Word for word, transcribe the listing that follows, minus any pictures.

-- Information shown follows --

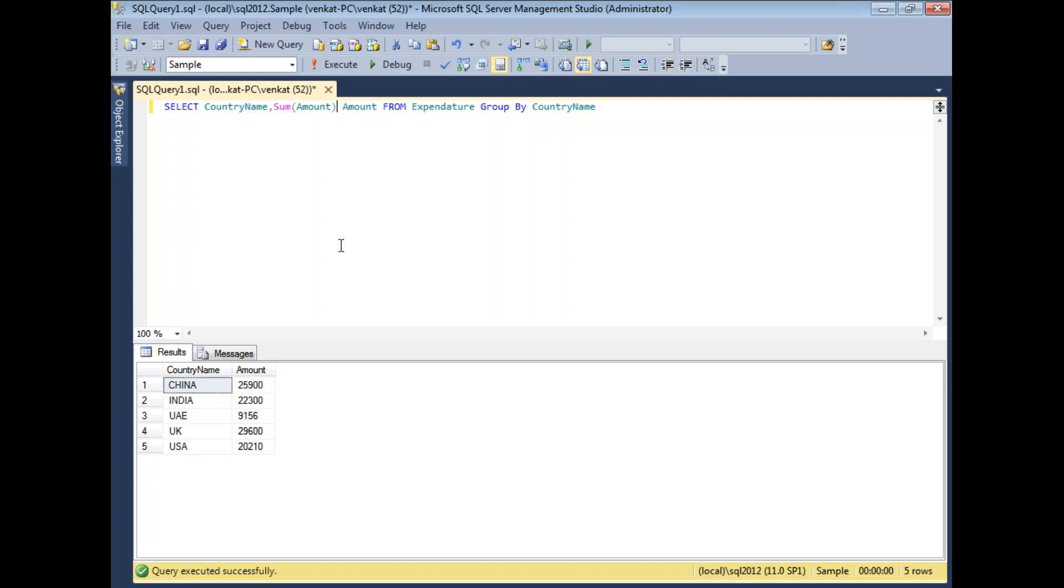If you see the results, it is a very basic sample table showing the expenditure of each country. Country name China, amount is 25,900. Similarly, India, UAE, UK and USA with their respective expenditure amounts, which you can see in SQL Server Management Studio. This is the data I am going to use in my pivot example.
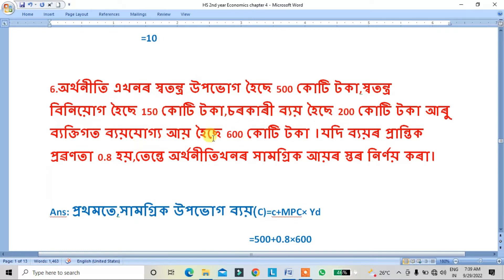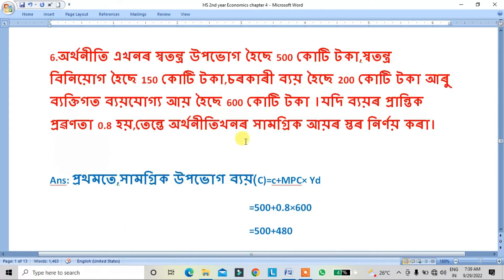The consumption function is called C plus MPC into Yd, where C is the autonomous consumption. MPC equals 0.8 and Yd is disposable income — it is a practical part of your study.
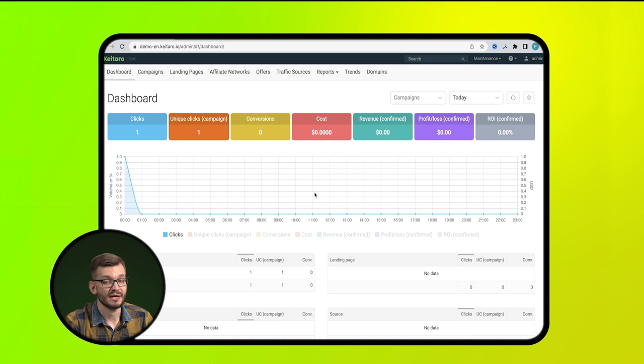Now it's time to practice. I will show you how to set up cloaking using the Keytaro TDS and the HideClick service as an example.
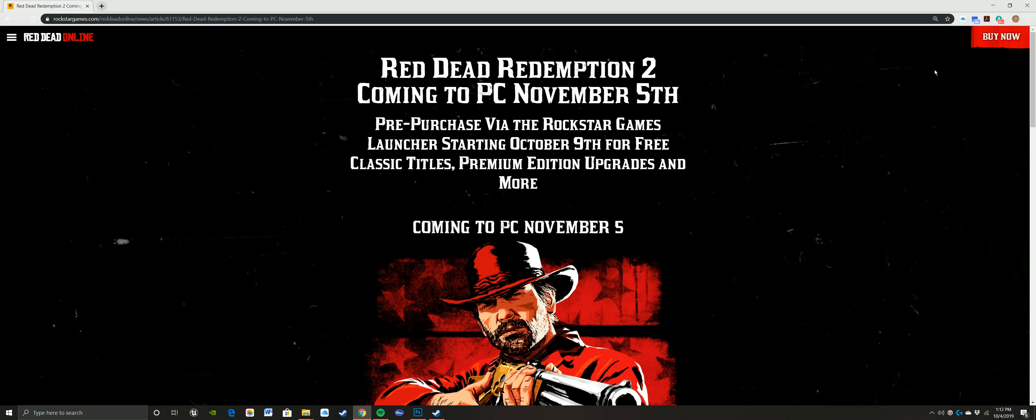Hey everybody, Steven here and huge news for PC people today and fans of Red Dead Redemption 2 because the game is finally coming to the PC.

-- Information shown concluded --

Exercise solution:
If you see the results, it is a very basic sample table showing the expenditure of each country. Country name China, amount is 25,900. Similarly, India, UAE, UK and USA with their respective expenditure amounts, which you can see in SQL Server Management Studio. This is the data I am going to use in my pivot example.
The consumption function is called C plus MPC into Yd, where C is the autonomous consumption. MPC equals 0.8 and Yd is disposable income — it is a practical part of your study.
Now it's time to practice. I will show you how to set up cloaking using the Keytaro TDS and the HideClick service as an example.
Hey everybody, Steven here and huge news for PC people today and fans of Red Dead Redemption 2 because the game is finally coming to the PC.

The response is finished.